Ms Jones’ problems began when she attended Morristown Driver’s License Office in an attempt to change the gender marker on her license. She took with her Social Security documents, which acknowledge her as female, together with a letter from a surgeon affirming that she has had partial re-assignment surgery.
This did not impress the Tennessee Department of Safety, which informed her she’d need more proof to make the same change on her driver’s license.
Frustrated by this response, Ms Jones then staged a one-woman protest, stripping off her top in the car park outside the Driver’s License Office. Her logic: if the state refused to recognise her as a woman, she had every right to strip off in the same way as men.
Instead, she was arrested and jailed on a charge of indecent exposure. According to the arresting officer: “Mr. Jones continued to yell that he had the right to show his breasts in public and wanted to be recognized as a female.”
She was then incarcerated in the state’s male prison for the duration of her time behind bars.
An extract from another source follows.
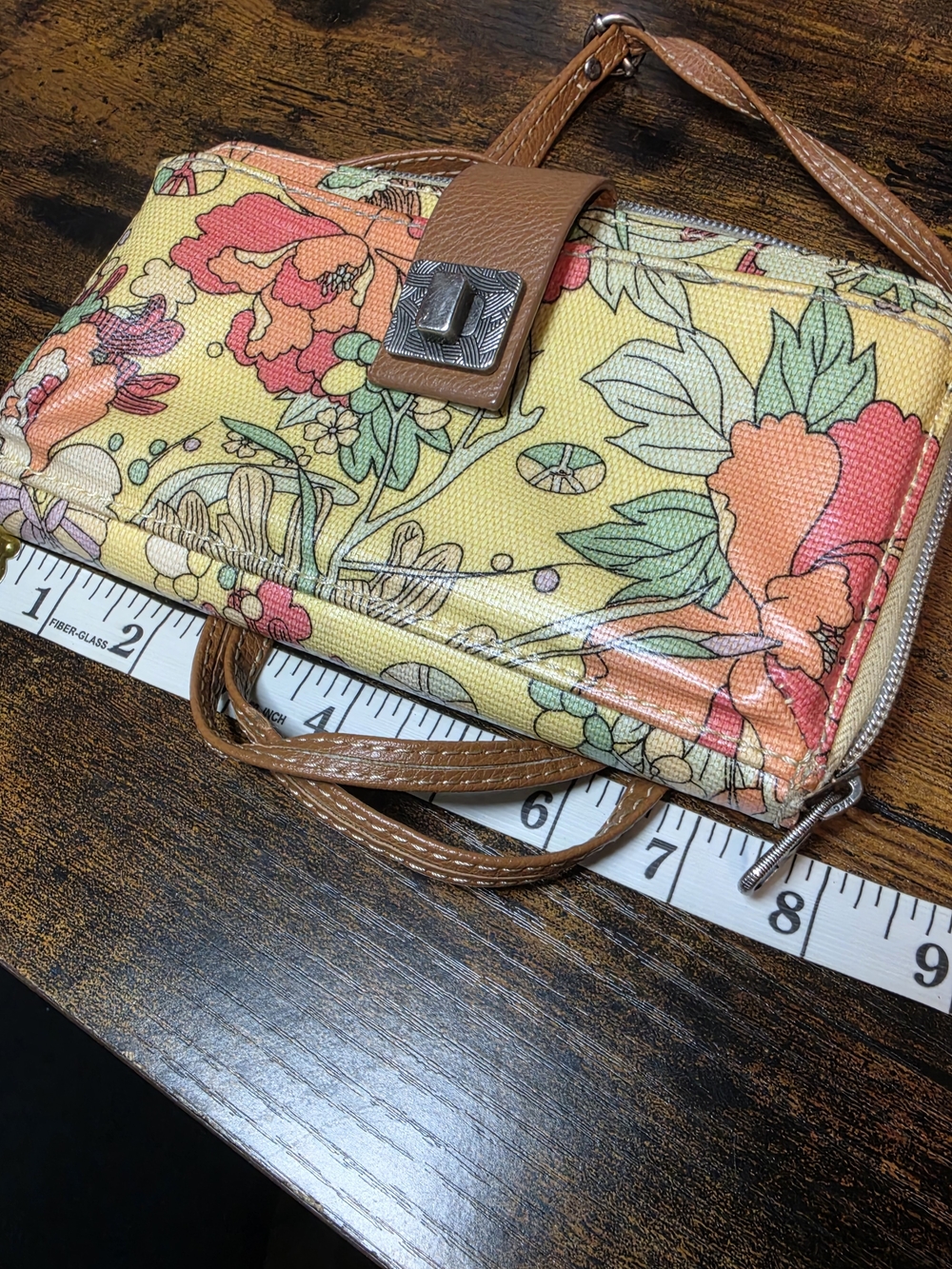 Sakroots Yellow Floral Crossbody Wallet with Tan Strap - Picture 10 of 12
She has lost her job: and, if found guilty of indecent exposure, is likely to be placed on the sex offenders’ register, thereby making her employment prospects even more bleak.
Ms Jones has also argued that some three weeks of the 23 days she spent in jail so far were due to her refusal to acknowledge that the state of Tennessee had a right to dictate her gender in this fashion.
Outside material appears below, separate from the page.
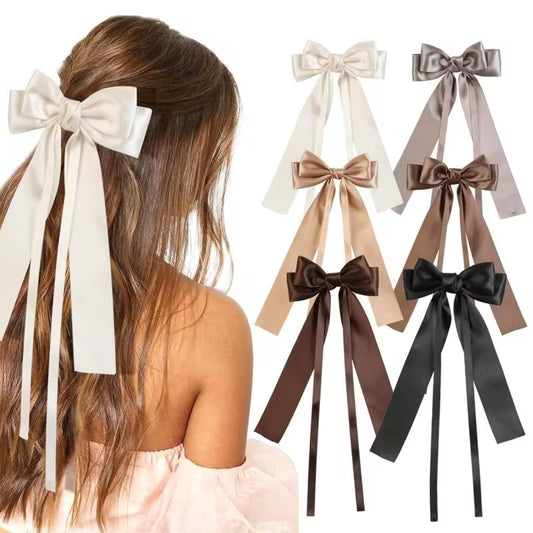 6PCS New Satin Bow Hair Clips, Trendy Minimalist European-Style Hairpins, Cute 's Hair Accessories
She claims she was pressured, badgered, and coerced every day to confess to committing indecent exposure and plead guilty with only a two day sentence.
The Tennessee Department of Safety have said they will change the sex on a license “if an applicant presents a doctor’s statement indicating that a full sex change has occurred and the procedure is complete.”
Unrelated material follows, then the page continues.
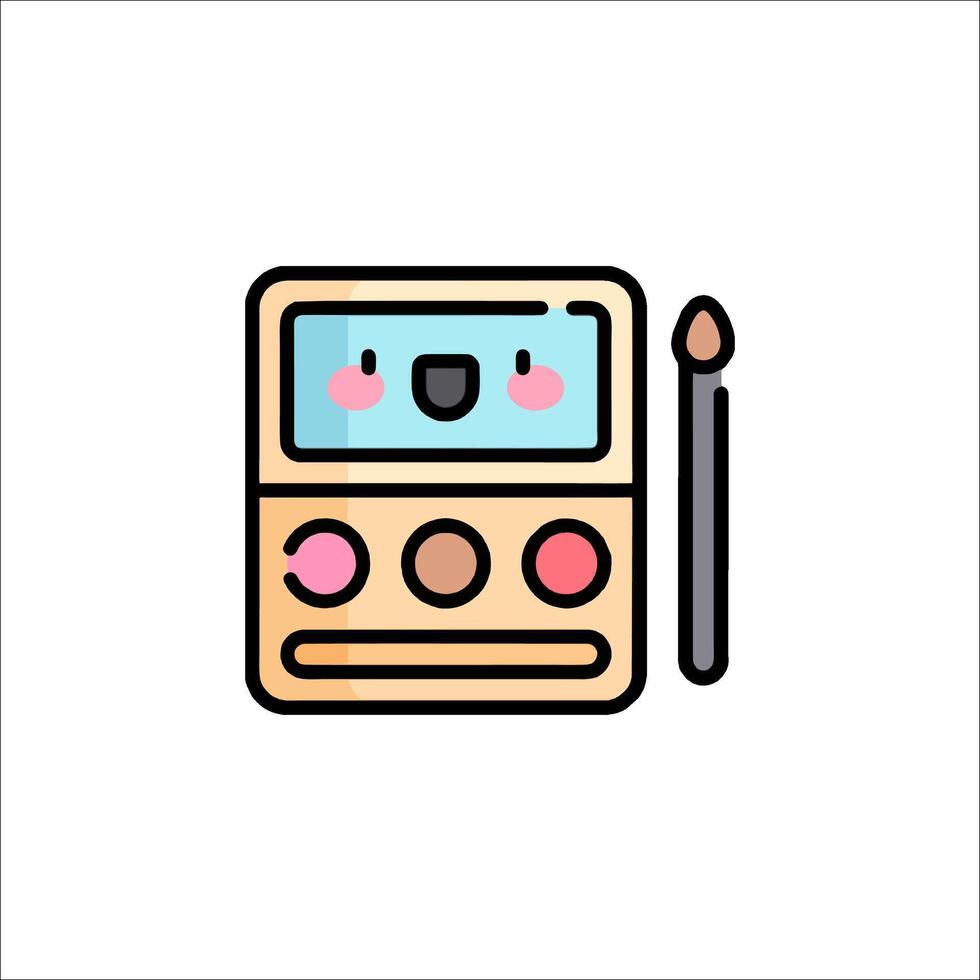 A cute makeup case with a brush and a smiley face vector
Meanwhile, Ms Jones is asking for those wishing to help to e-mail her at firstname.lastname@example.org
This reflects badly on Tennessee – not least because its very clear public stance in respect of Andrea Jones suggests at best confusion, at worst, an approach that is tantamount to abuse and torture of trans persons.
The statement by the police officer, combined with Ms Jones incarceration in a male jail is clear indication that the state considers this woman to be legally male. In such case, the prosecution for indecent exposure is simply mischievous.
Alternatively – and given that the dangers for trans women in male prisons have been well documented – the mischief was of another kind: the police officer went out of his way to insult, whilst someone in the Tennessee administration is perfectly happy with the possibility that Ms Jones might be assaulted, raped or worse.
That constitutes abuse by the state: it quite likely constitutes torture as well.
Over recent weeks, the UK government has made much of its tough stance with commonwealth countries that have homophobic policies. This plays well with the gay lobby – and is fully justified in its own right.
However, by tacitly implying that the “real problem” lies with less developed countries – and ignoring some major issues on the Developed side of the fence, UK.gov is playing a very unpleasant game of cultural superiority – if not outright racism.
Many US states – Tennessee included – are large enough, rich enough, to pass for individual countries in Europe.
The UK is rightly upset with African countries that practise homophobic abuse as state-sanctioned policy: increasingly, trans activists are pointing out that it might be time for the UK to show similar concerns where the barbarity takes place in the supposedly civilised US.
On a lighter note, this case could yet link up with another US cause celebre – the Go Topless movement – which is a female/feminist inspired campaign demanding equal rights for women to go topless in public.